* [Task statement] Line by line, please look for the word "Yellow" in the following records, then copy each line you find it in.

Caption-style text data
--*--
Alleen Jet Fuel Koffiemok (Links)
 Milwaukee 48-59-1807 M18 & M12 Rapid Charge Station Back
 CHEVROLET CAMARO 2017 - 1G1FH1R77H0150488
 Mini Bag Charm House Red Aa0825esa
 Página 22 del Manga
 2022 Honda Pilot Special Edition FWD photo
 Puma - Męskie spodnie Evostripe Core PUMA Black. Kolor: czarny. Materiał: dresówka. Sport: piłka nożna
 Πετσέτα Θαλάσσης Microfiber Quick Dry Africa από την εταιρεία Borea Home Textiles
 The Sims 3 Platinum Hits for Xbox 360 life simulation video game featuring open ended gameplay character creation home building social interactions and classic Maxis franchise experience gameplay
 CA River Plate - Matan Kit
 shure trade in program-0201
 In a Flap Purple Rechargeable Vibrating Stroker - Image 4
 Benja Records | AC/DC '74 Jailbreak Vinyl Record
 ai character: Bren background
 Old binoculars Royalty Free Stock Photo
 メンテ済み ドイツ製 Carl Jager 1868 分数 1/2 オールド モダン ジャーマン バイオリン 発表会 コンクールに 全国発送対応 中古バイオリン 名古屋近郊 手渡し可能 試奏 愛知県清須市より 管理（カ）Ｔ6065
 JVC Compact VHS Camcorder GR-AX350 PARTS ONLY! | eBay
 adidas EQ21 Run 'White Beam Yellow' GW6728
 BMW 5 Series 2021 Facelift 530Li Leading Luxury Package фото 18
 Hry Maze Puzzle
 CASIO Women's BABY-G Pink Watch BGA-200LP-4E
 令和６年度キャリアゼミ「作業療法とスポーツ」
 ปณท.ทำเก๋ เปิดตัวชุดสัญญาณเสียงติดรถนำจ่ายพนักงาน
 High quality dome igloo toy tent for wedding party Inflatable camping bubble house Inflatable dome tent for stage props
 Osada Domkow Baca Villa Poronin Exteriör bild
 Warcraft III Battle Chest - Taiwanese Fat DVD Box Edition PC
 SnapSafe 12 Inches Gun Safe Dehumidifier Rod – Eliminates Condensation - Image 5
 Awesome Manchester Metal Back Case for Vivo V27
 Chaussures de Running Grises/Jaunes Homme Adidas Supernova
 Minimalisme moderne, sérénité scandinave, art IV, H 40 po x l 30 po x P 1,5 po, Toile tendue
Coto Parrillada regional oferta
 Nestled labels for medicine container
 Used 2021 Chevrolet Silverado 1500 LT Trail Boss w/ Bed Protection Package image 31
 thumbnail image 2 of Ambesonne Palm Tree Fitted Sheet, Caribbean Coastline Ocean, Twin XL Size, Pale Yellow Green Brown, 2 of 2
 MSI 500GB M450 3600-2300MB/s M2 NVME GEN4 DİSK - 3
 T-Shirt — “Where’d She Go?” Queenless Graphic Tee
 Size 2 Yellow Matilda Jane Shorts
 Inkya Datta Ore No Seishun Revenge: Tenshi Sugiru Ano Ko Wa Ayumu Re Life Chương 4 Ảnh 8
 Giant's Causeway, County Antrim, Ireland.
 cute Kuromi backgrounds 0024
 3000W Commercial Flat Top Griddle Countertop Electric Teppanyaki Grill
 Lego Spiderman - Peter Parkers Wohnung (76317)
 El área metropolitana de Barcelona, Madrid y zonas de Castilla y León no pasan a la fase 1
--*--
* [Result of the exercise]
 adidas EQ21 Run 'White Beam Yellow' GW6728
 thumbnail image 2 of Ambesonne Palm Tree Fitted Sheet, Caribbean Coastline Ocean, Twin XL Size, Pale Yellow Green Brown, 2 of 2
 Size 2 Yellow Matilda Jane Shorts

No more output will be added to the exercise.